> [RECORDS SUPPLIED]:
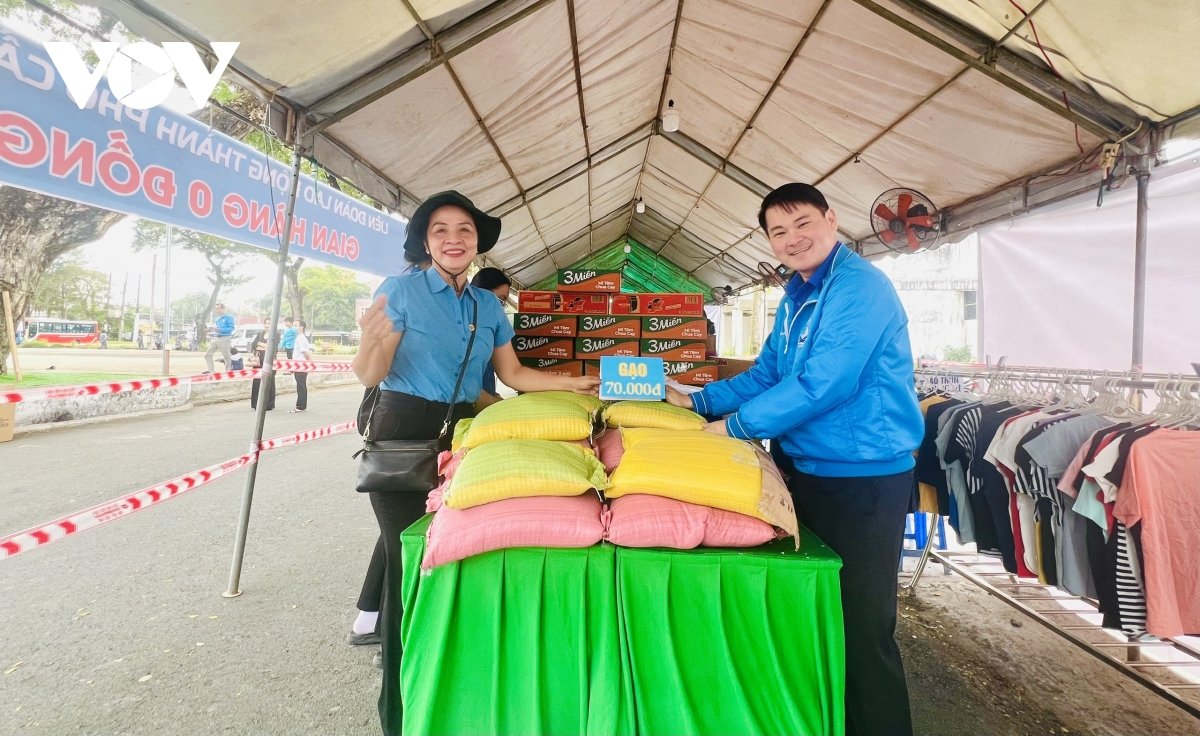 cần thơ tổ chức chợ tết công đoàn, chia sẻ với công nhân khó khăn hình ảnh 2 can tho to chuc cho tet cong doan, chia se voi cong nhan kho khan hinh anh 2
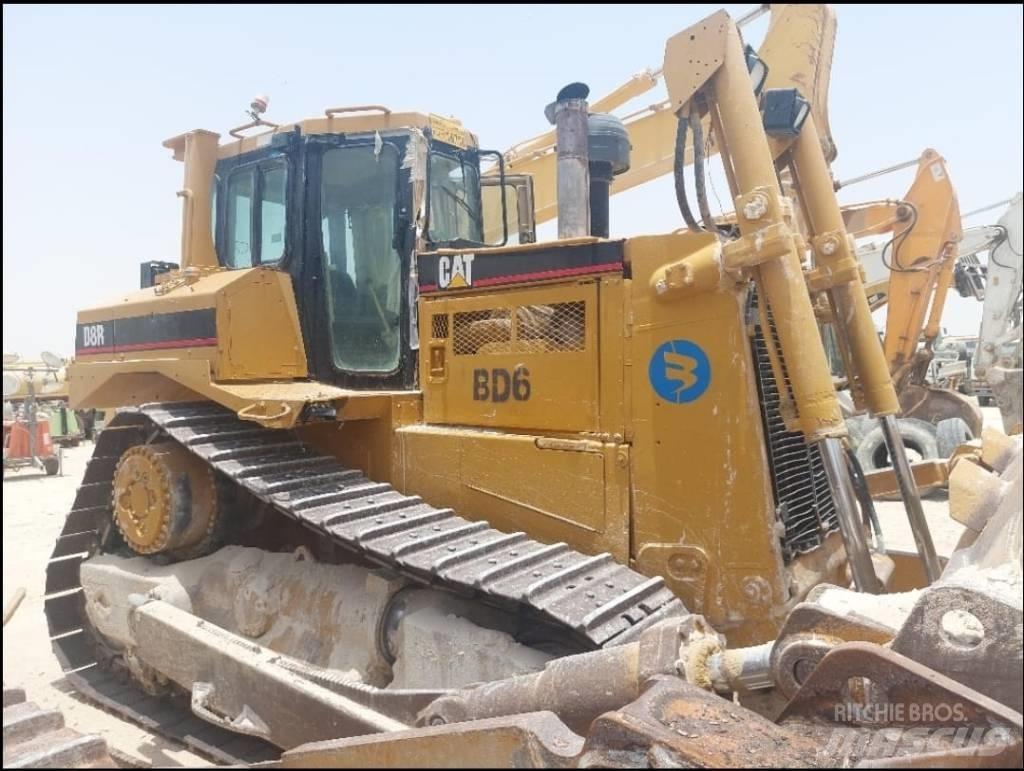 CAT D 8 R Kāpurķēžu buldozeri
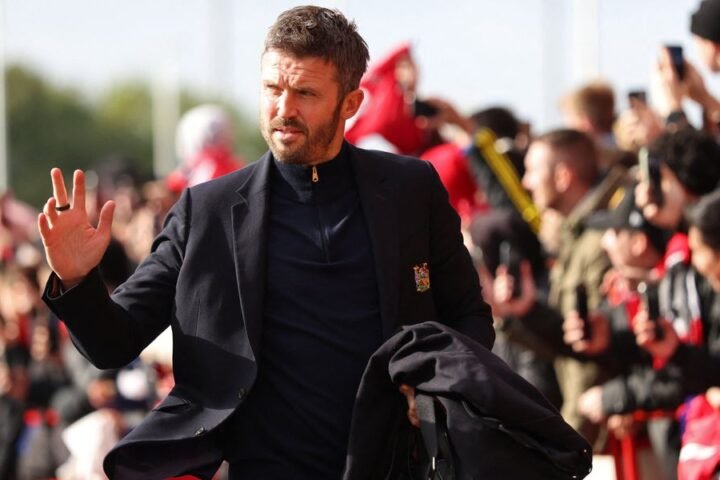 Michael Carrick defends benching Bruno Fernandes ahead of Man Utd's match against Bournemouth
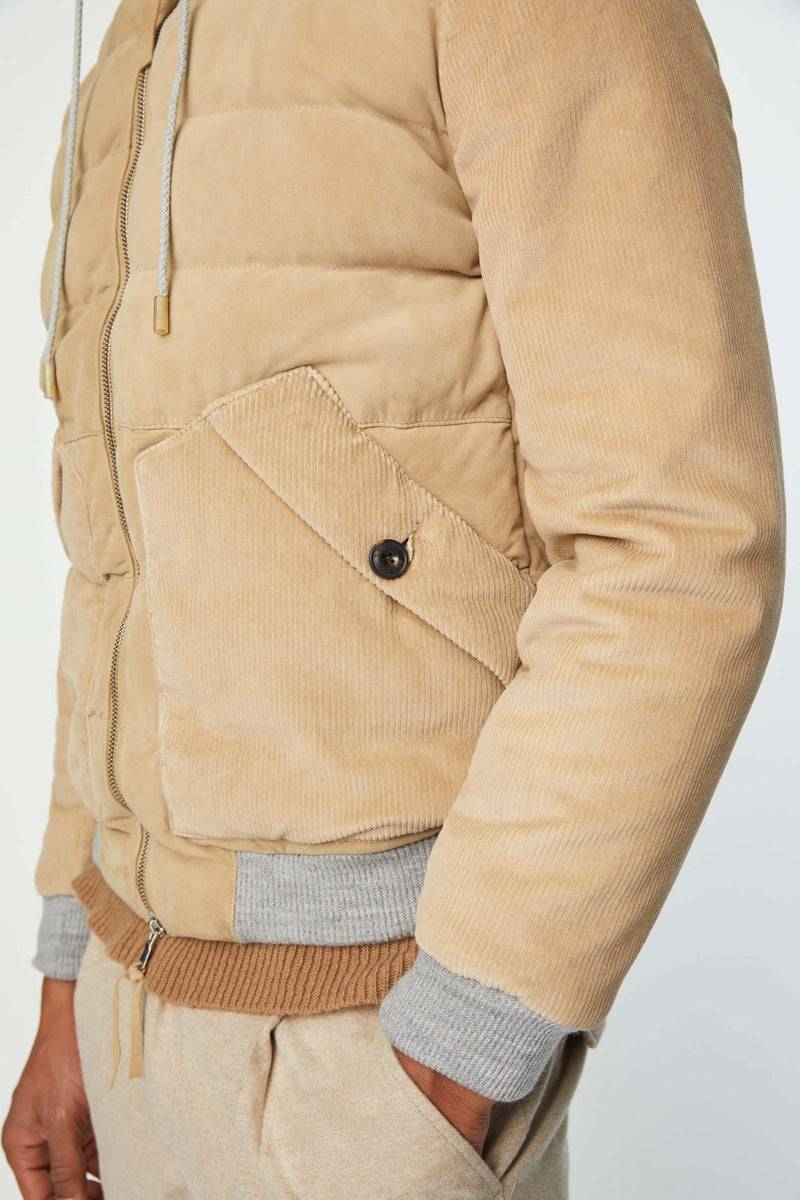 Lubiam Giubbino imbottito in suede con cappuccio nocciola Giubbino imbottito in suede con cappuccio nocciola Moda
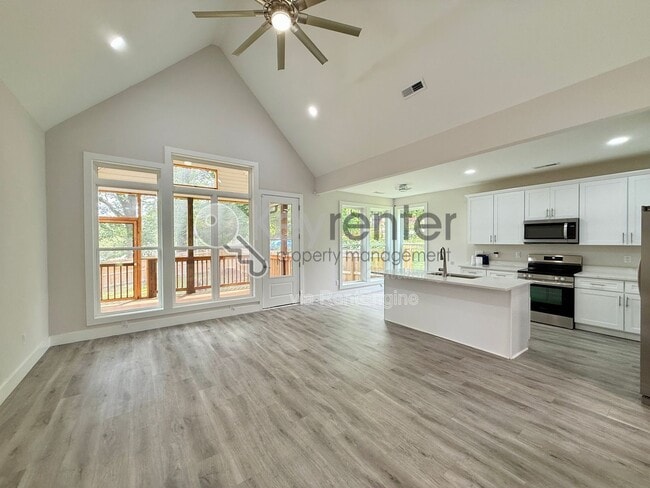 Building Photo - 732 Belle Vista Ave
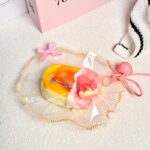 114【딸기 치즈스틱】모방 식품 스퀴시 슬라임, 식품급 실리콘 소재로 수제 제작한 안전 무독한 스트레스 해소 장난감입니다. 손 근육 단련하고 정신적 스트레스를 완화해 드릴 뿐만 아니라 세탁 가능하며, 40000원 구매 시 무료 배송해 드립니다.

> [EXERCISE PROMPT]: Nothing but the exact text of the records should appear in your answer, with no pictures. Please write it out.

> [OUTPUT BELOW]:
 cần thơ tổ chức chợ tết công đoàn, chia sẻ với công nhân khó khăn hình ảnh 2 can tho to chuc cho tet cong doan, chia se voi cong nhan kho khan hinh anh 2
 CAT D 8 R Kāpurķēžu buldozeri
 Michael Carrick defends benching Bruno Fernandes ahead of Man Utd's match against Bournemouth
 Lubiam Giubbino imbottito in suede con cappuccio nocciola Giubbino imbottito in suede con cappuccio nocciola Moda
 Building Photo - 732 Belle Vista Ave
 114【딸기 치즈스틱】모방 식품 스퀴시 슬라임, 식품급 실리콘 소재로 수제 제작한 안전 무독한 스트레스 해소 장난감입니다. 손 근육 단련하고 정신적 스트레스를 완화해 드릴 뿐만 아니라 세탁 가능하며, 40000원 구매 시 무료 배송해 드립니다.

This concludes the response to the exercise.